Mountain in Pakistan

Kanjut Sar (کنجوت سر) is a mountain located between Shimshal Valley and Hisper Valley in the Karakoram mountain range. It is the 28th-highest mountain in the world. Kanjut is the native name of the Hunza valley while Sar means mountain peak in Burushaski.

Kanjut Sar consists of two peaks:
- Kanjut Sar I at 7760 m.
- Kanjut Sar II, to the southeast of I, at 6831 m.

Kanjut Sar I was first climbed in 1959 by Camillo Pellissier, member of an Italian expedition directed by Guido Monzino. From 4 to 6 August 1981, seven Japanese climbers of the same expedition climbed to the top.

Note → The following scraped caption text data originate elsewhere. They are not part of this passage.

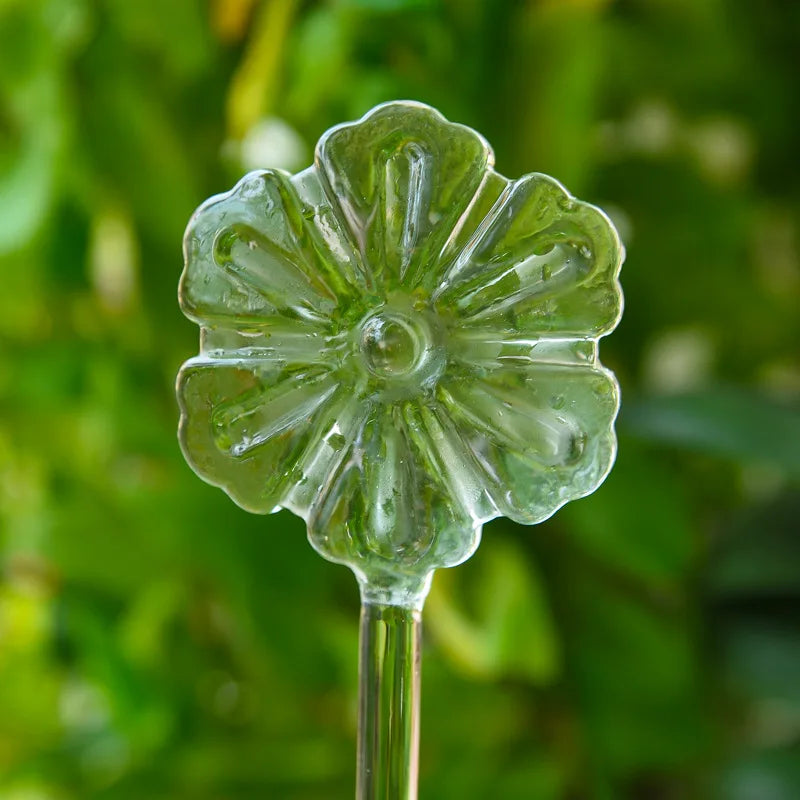 Auto Plant Water Feeder - Lifestyle Bravo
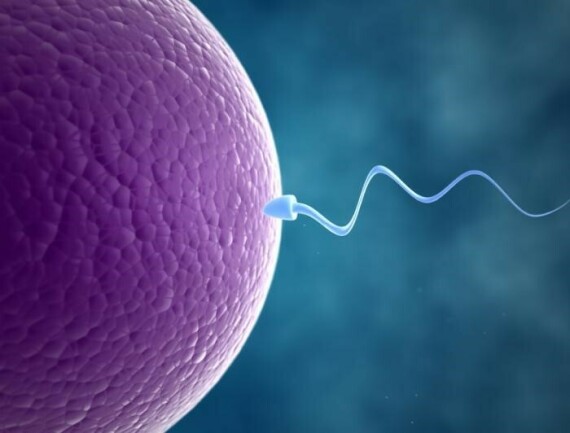 Hình 1. Tinh trùng bơi đến trứng để xảy ra sự thụ tinh (Nguồn: medicalnewstoday.com)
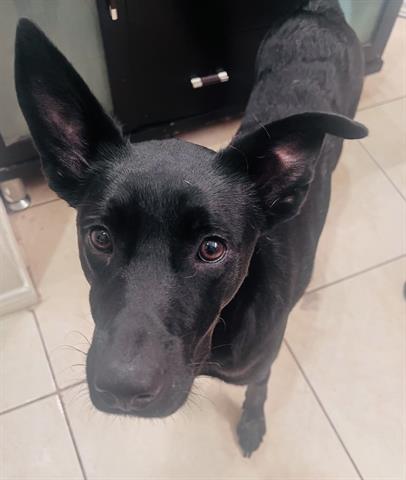 VADER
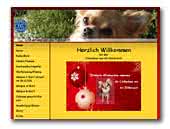 von der Röhliranch Chihuahuas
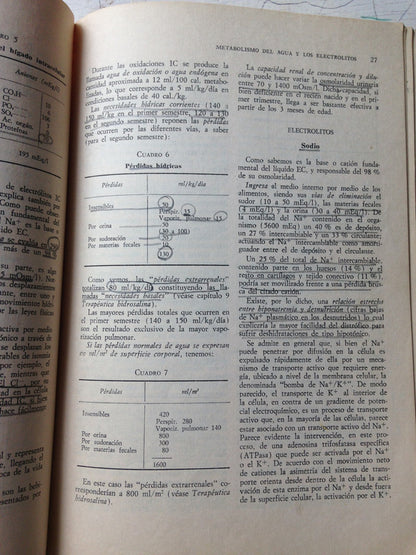 Libro usado en venta: Directorio de exportadores argentinos; editorial Camara de exportadores de la Republica Argentina impreso en 1992.2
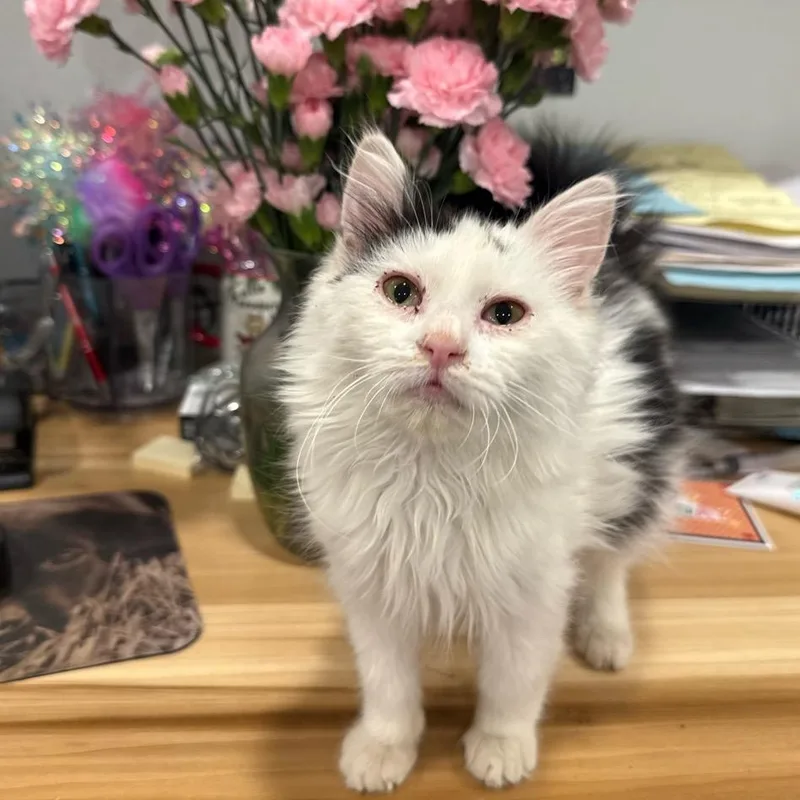 A young small-sized male Black & White / Tuxedo Domestic Long Hair cat named Taylor for adoption in Temecula, CA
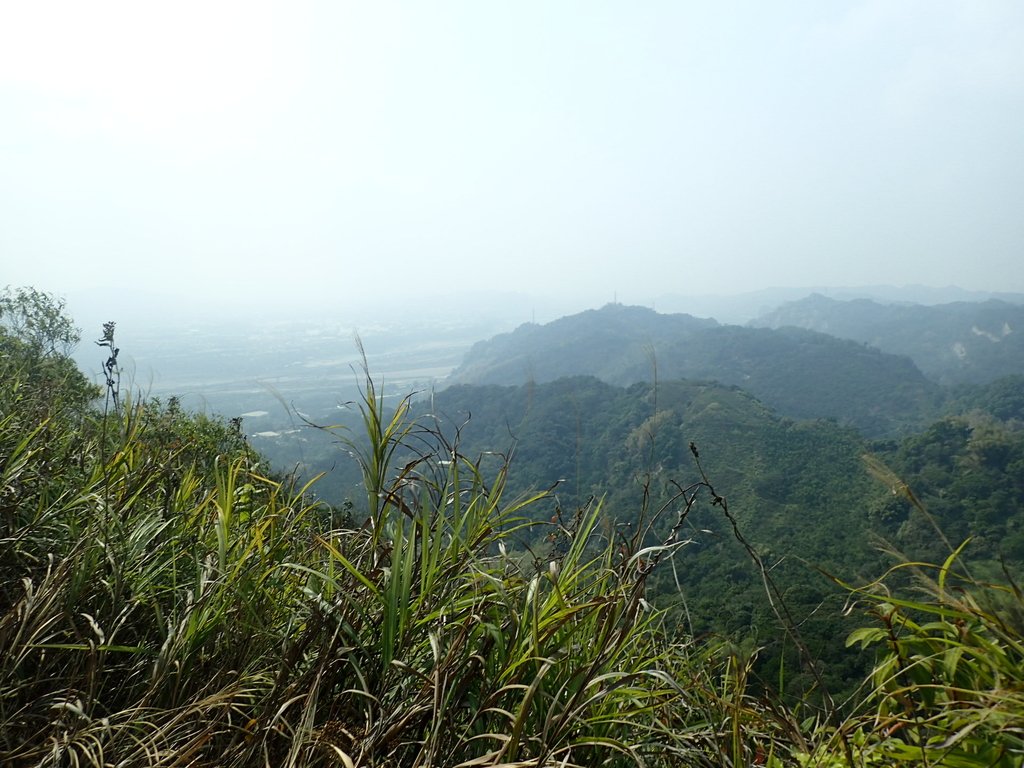 P3016111.JPG - 草屯平林  九九峰森林步道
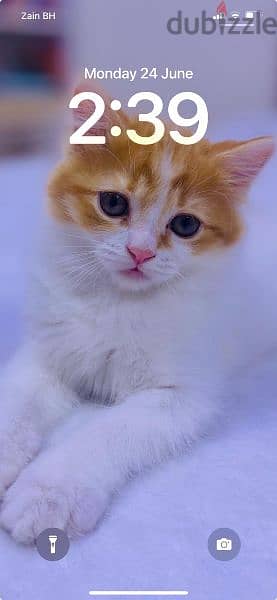 adorable kitten 2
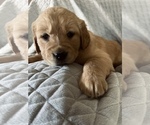Small Photo #6 Golden Retriever Puppy For Sale in BOSTON, KY, USA
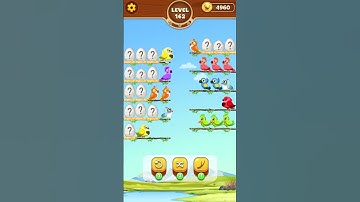Bird Sort Game Level 162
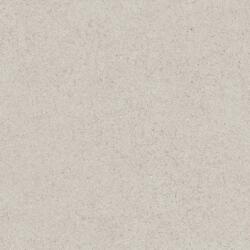 PAMESA CERAMICA 60x60 LIN GRIS (0178400023638)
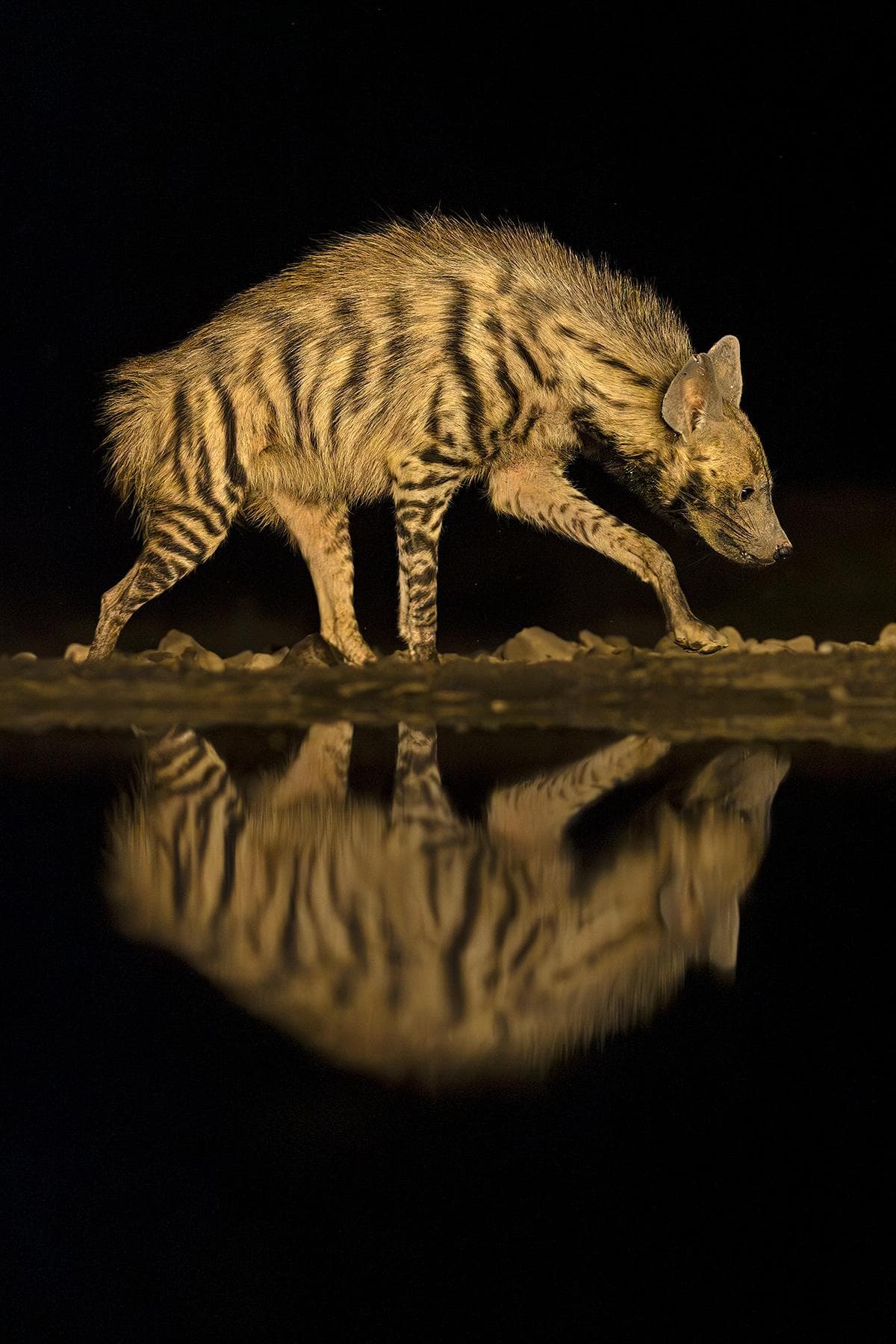 Skjulsfotografering i Shompole Wilderness — 12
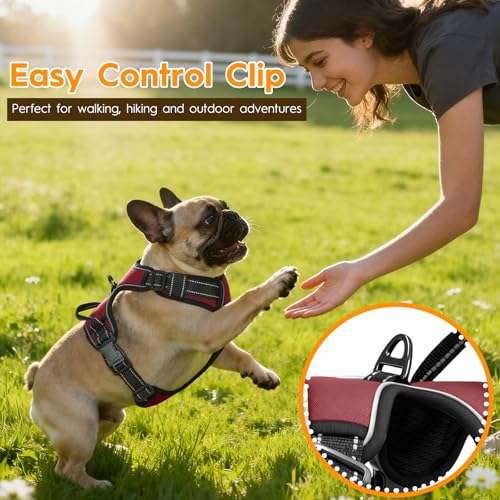 No Pull Dog Harness, No-Choke Soft Padded Reflective Dog Vest Harness with Front Clip & Top Handle, 2 Quick-Release Buckles, Adjustable for Small Medium Large Dogs - color: Neon Fuchsia, size: X-Small
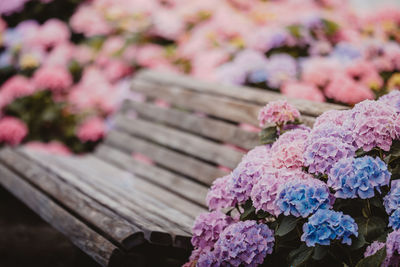 High angle view of pink flowering plant
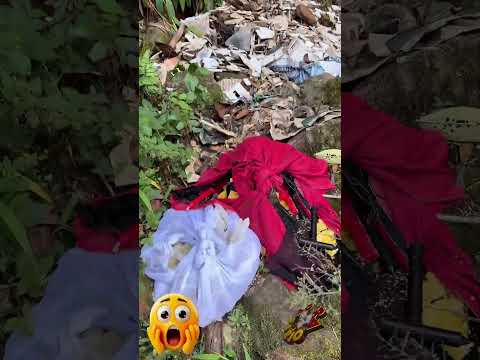 CRIME AMBIENTAL NA CACHOEIRA DO MORTE EM JUQUITIBA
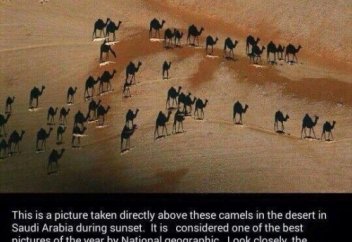 Түйе көлеңкесі (сурет)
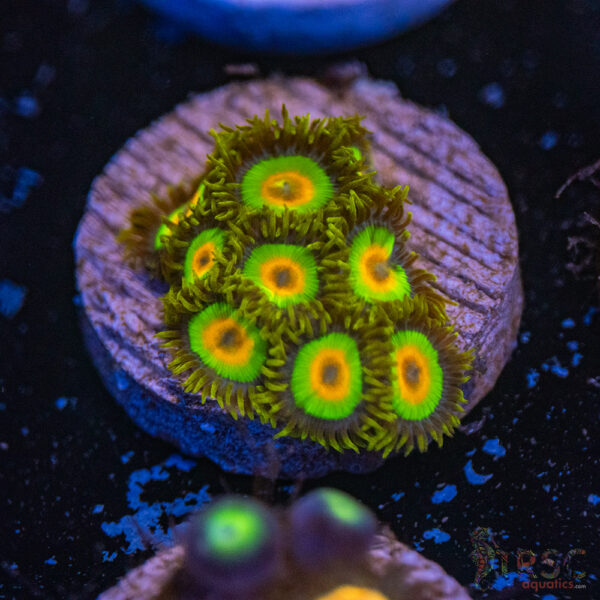 Rasta Zoa D16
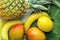 Variety of Tropical Fruits Pineapple Mango Bananas Lemons Green Palm Leaf on White Planked Wood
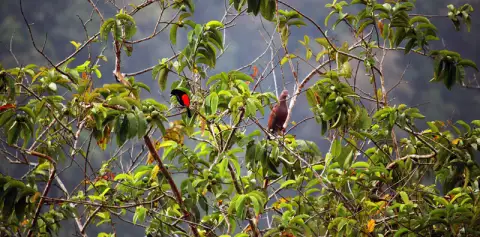 Bird-watching Arenal Volcano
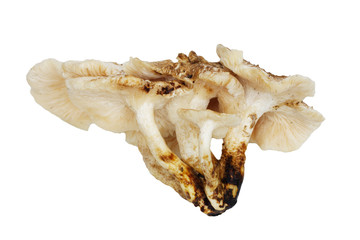 Shiitake Mushroom on white background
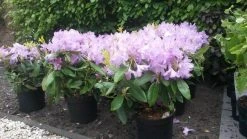 Rhododendron (Rhododendron Catawbiense 'Boursault') -Groene Wereld rhodo boursault 2 1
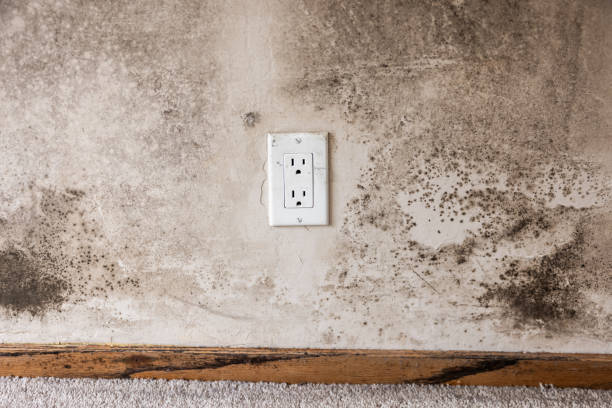 Best Emergency Mold Remediation  in Burlingame, CA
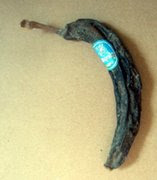 [Bild: gross+banana.jpg]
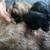 Shih tzu pups 3 thumbnail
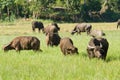 Water buffalo eating grass on meadow nature background. Royalty Free Stock Photo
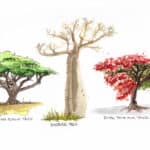 How to sketch trees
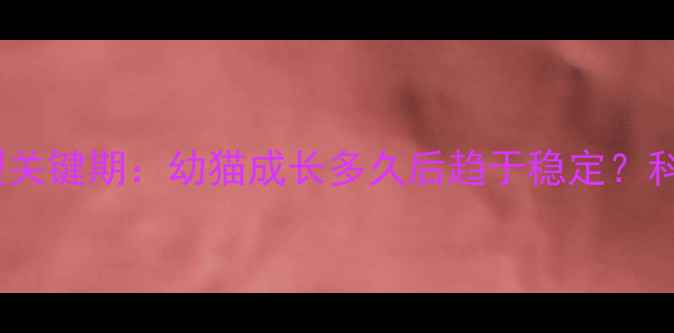 图片 小猫性格定型关键期：幼猫成长多久后趋于稳定？科学养护指南1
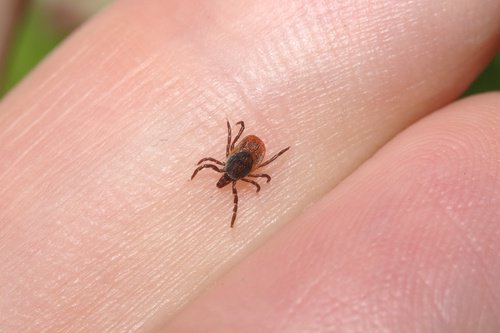 carrapato-e-doença de Lyme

The first ascent of Kanjut Sar II was achieved by a Swiss team in 1985. Expedition leader Toni Spirig, Ueli Stahel and Richie Ott finally carried it out in alpine style after several attempts . The climbers reached the summit on July 10. The ascent route led over the north-west side.

On July 29, 1990, a Dutch expedition made the second ascent of Kanjut Sar II in alpine style via the south face. Expedition members were Peter Kok, Frank Schmidt, Franck van den Barselaer, Hendrik Freie and Pieter de Kam.